It became clear over recent weeks that ‘something was brewing’ between Danny John-Jules and his Strictly dance partner Amy Dowden – and now he has been given a ‘final warning’ by the BBC over claims he has been bullying her.
He is said to have left 27-year-old Amy in tears after an outburst in which the actor told her: ‘I’m the star, not you.’
At the outset, the other contestants and professional dancers thought his aloofness and reluctance to engage was caused by nerves. But then – and it was sooner rather than later – the truth dawned.
Danny John-Jules and his Strictly dance partner Amy Dowden – he has been given a ‘final warning’ by the BBC over claims he has been bullying her
It was the old story, alas: Danny was simply an old-fashioned diva, with a fatal tendency, according to an impeccably placed source, to take himself – and his dancing – just that bit too seriously.
So when he fluffed his quickstep last week on Strictly Come Dancing, he didn’t do what contestants usually do, laugh it off and say he’d try to do better next week.
For Danny, his dance disaster struck at the core of his very being. He appeared unable to accept that a star of his magnitude could make such a hash of it.
Amy is said to have fled the studio where they were practising in tears and later told BBC producers that she had had enough and did not know if she could continue, according to The Sun.
‘He gets very angry in the training room and he swears and shouts at her a lot. He also makes a lot of snide comments about him being famous and her not,’ an insider said. Things have been bubbling away for a while and it all came to a head on Wednesday.’
Before he takes the floor for his Friday rehearsal at Elstree Studios, Danny is said to go into full-blown prima donna mode, saying things to the production team like: ‘Please, I need quiet’ as he prepares himself
After weeks of having to try to accommodate Danny’s giant ego, it is alleged the situation between the pair became tenser than ever when he was in the bottom two and had to perform in the dreaded dance-off.
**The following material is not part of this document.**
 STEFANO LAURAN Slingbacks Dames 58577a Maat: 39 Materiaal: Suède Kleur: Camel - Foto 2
‘He was furious,’ says the source. ‘He thinks he’s a better dancer than Amy.’
It is certainly true that Danny can dance. Viewers who may have been under the impression that the 58-year-old was performing miracles each week – the game older guy managing to pull it off – might be disappointed to learn he has been dancing at theatre school since he was a child.
He even underwent dance training with none other than Strictly judge, Bruno Tonioli, at London’s Dance Centre, in the late Seventies.
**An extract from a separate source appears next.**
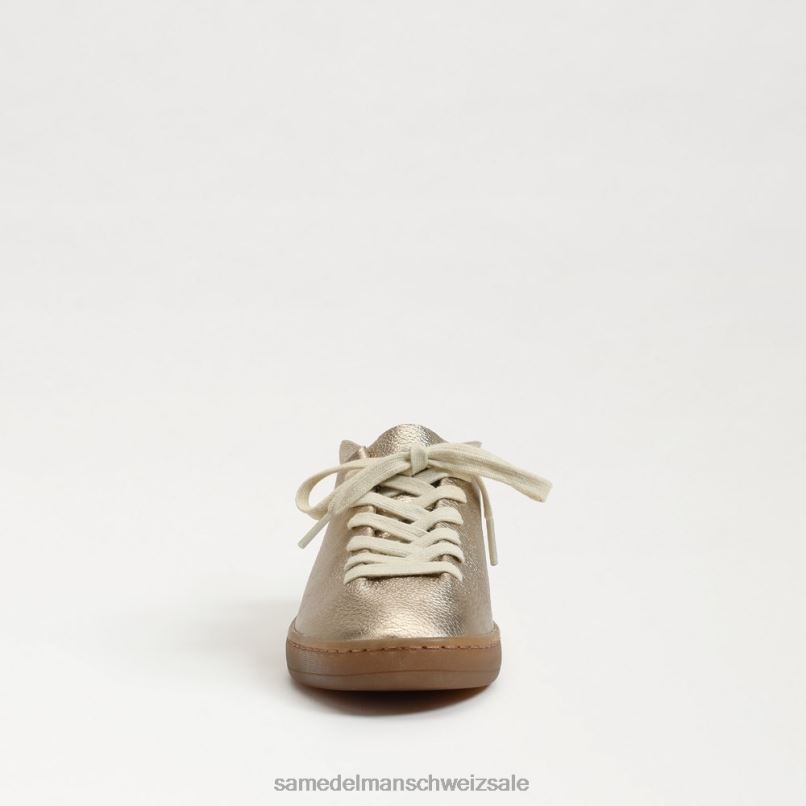 CH Sam Edelman Frauen Jaxon-Schnürsneaker geschmolzenes Gold X2J86532 Schuhwerk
He has starred in West End musicals, including Starlight Express, Soul Train and Barnum and once danced in a Wham! video.
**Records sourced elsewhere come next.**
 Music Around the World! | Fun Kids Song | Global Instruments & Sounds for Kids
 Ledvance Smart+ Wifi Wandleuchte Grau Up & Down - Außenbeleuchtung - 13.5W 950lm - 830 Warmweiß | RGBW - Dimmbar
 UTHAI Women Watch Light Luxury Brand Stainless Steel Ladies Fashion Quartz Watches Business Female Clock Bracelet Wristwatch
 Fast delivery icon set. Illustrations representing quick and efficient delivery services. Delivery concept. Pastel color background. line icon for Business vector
Danny takes his dancing – and himself – very seriously indeed.
To those who knew him before Strictly, it is as a cast member of TV’s sci-fi comedy Red Dwarf and as a policeman in murder mystery drama Death In Paradise. A reliable actor, then, who has had a solid – if not spectacular – career.
But Danny sees himself as a true star in a mediocre world of wannabes. Before he takes the floor for his Friday rehearsal at Elstree Studios, Danny is said to go into full-blown prima donna mode, saying things to the production team like: ‘Please, I need quiet’ as he prepares himself.
He often refers to himself in the third person. ‘Danny isn’t happy,’ he sometimes says, for example, when Amy breaks off from giving him her undivided attention.
Or, watching the other contestants during the Friday rehearsal, and seeing some of them dance not too well, he has been heard to say: ‘Danny’s gonna do well.’
He is also said to be unpopular with production staff because of his airs and graces.
Some of the professional dancers also find his standoffish manner annoying and, says the source, have nicknamed him ‘The Grinch’.
An interview he gave last week to The Sun is unlikely to have endeared him, either, to his fellow contestants.
Danny grew up in Paddington, west London, with his mother Veron, father Hyran and brother and sister. He trained at the Anna Scher Theatre, a prestigious stage school for children in Islington, north London
He reportedly claimed some celebrities – seemingly implying that he meant some of his fellow contestants – were ‘an insult’ to genuine entertainers such as George Michael, Cliff Richard and, of course, himself.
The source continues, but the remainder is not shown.